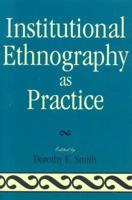 Institutional Ethnography as Practice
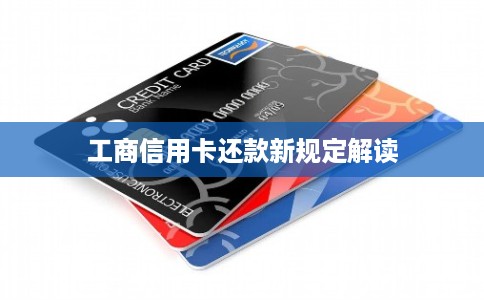 工商信用卡还款新规定解读 工商信用卡还款新规定解读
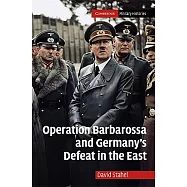 Operation Barbarossa and Germany’s Defeat in the East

PROBLEM TO SOLVE:
Any picture in the material is to be left out, and everything else is to be retyped as is.

TASK ANSWER:
 Institutional Ethnography as Practice
 工商信用卡还款新规定解读 工商信用卡还款新规定解读
 Operation Barbarossa and Germany’s Defeat in the East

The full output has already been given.